--- Records to use ---
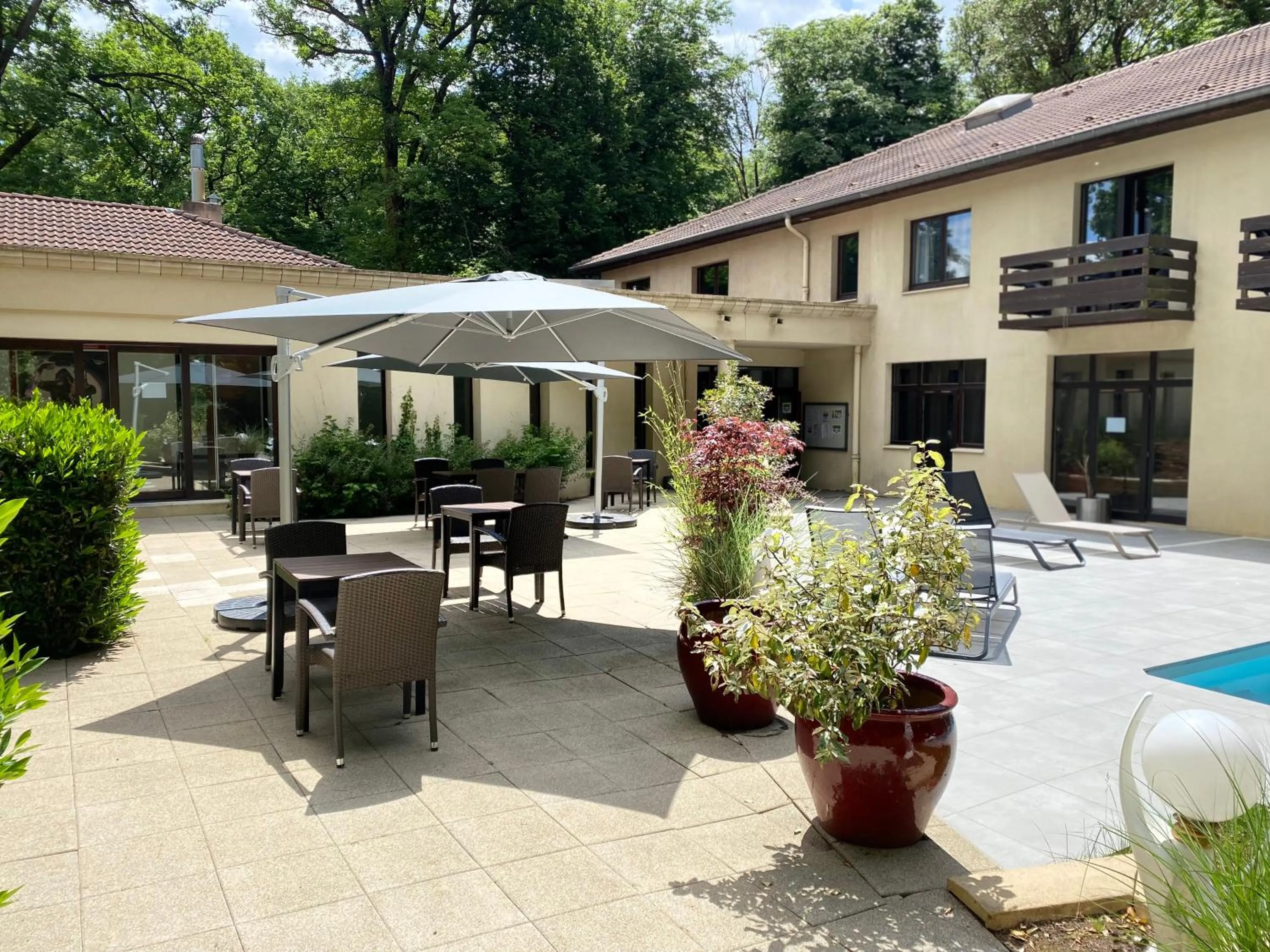 Swimming pool in Enzo Hôtels - ST Eloy Metz Amneville By Kyriad Direct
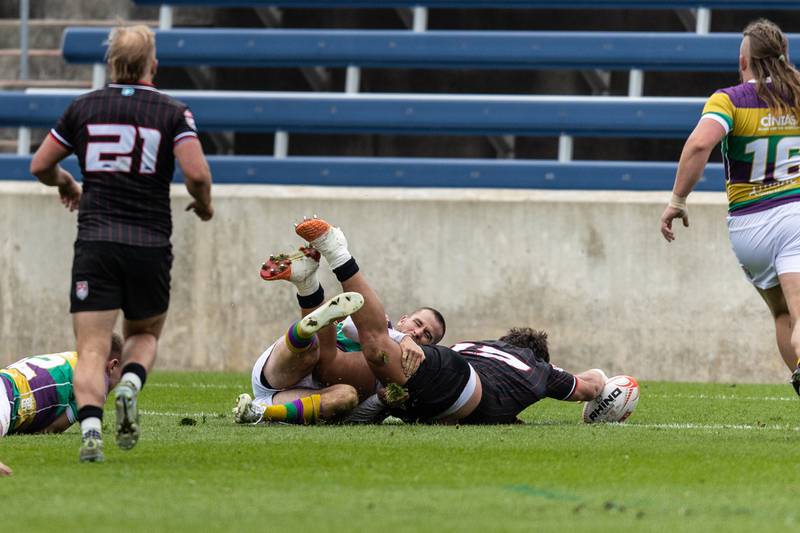 Chicago Hounds'  Fred Apulu, slams the ball down for a try against NOLA Gold at Seat Geek Stadium in Bridgeview, on Sunday April 23, 2023.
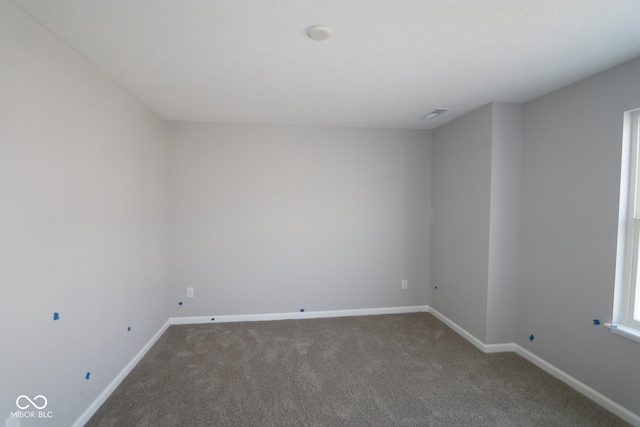 spare room with baseboards and carpet flooring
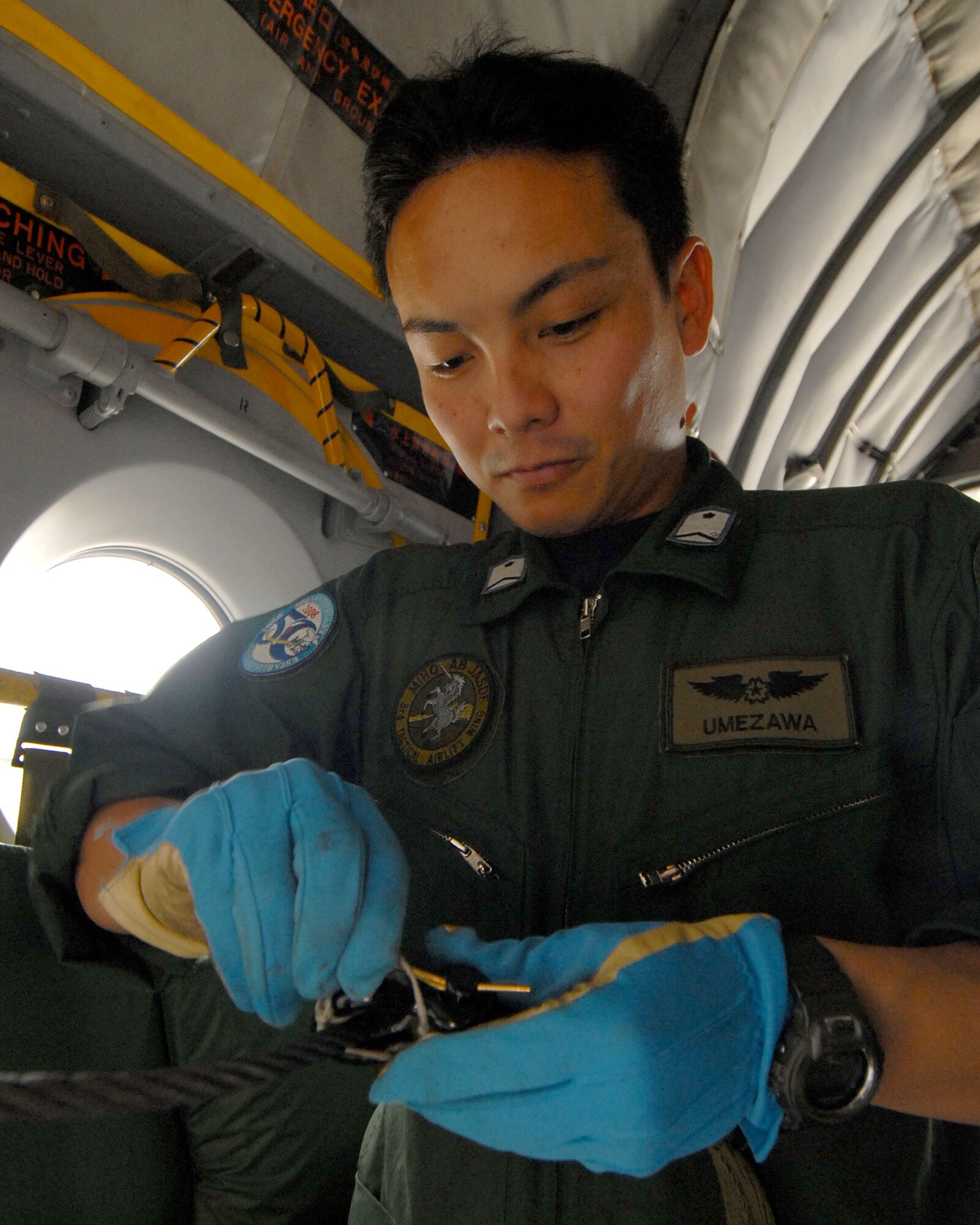 YOKOTA AIR BASE, Japan -- Japanese Air Self Defense Force's Staff Sergeant Satoshi Umezawa preps cargo, during a cargo prep demonstration at Miho Air Base, for visiting U.S. Air Force members during a bilateral airlift aircraft training on 23 June.(U.S. Air Force photo by SrA Laszlo Babocsi)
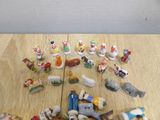a lot of small figurines on a wooden table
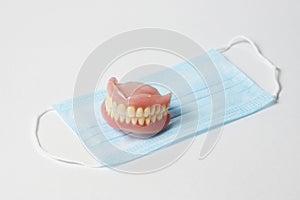 Dental dentures and medical mask on white background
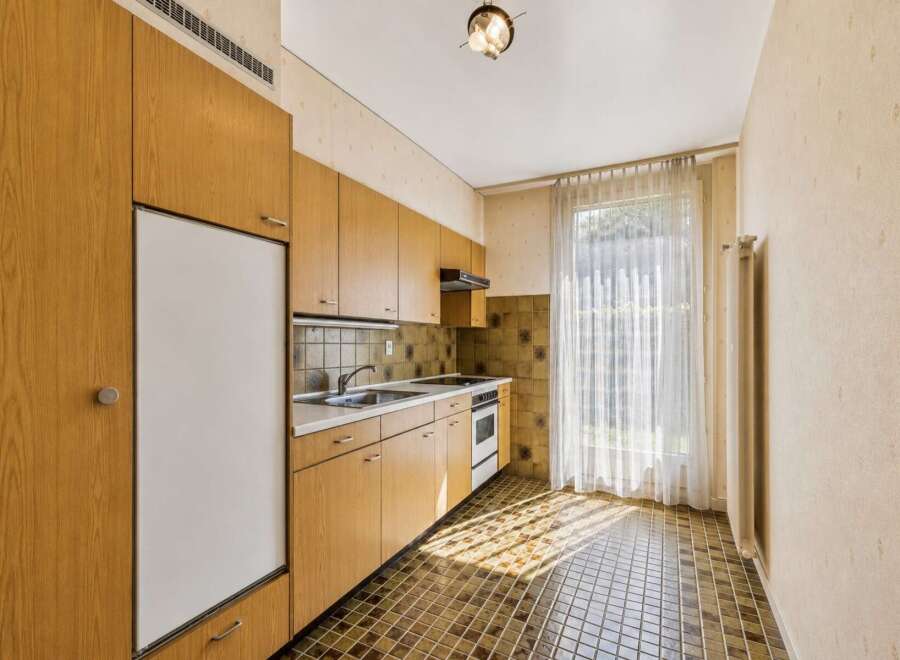 This charming kitchen features warm wooden cabinetry and a practical layout, perfect for everyday use.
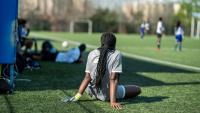 Youth athlete sitting on the sidelines of a soccer field during a game.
---
None of the pictures should be copied, but every record above must be returned exactly.

Solution to this task:
 Swimming pool in Enzo Hôtels - ST Eloy Metz Amneville By Kyriad Direct
 Chicago Hounds'  Fred Apulu, slams the ball down for a try against NOLA Gold at Seat Geek Stadium in Bridgeview, on Sunday April 23, 2023.
 spare room with baseboards and carpet flooring
 YOKOTA AIR BASE, Japan -- Japanese Air Self Defense Force's Staff Sergeant Satoshi Umezawa preps cargo, during a cargo prep demonstration at Miho Air Base, for visiting U.S. Air Force members during a bilateral airlift aircraft training on 23 June.(U.S. Air Force photo by SrA Laszlo Babocsi)
a lot of small figurines on a wooden table
 Dental dentures and medical mask on white background
 This charming kitchen features warm wooden cabinetry and a practical layout, perfect for everyday use.
 Youth athlete sitting on the sidelines of a soccer field during a game.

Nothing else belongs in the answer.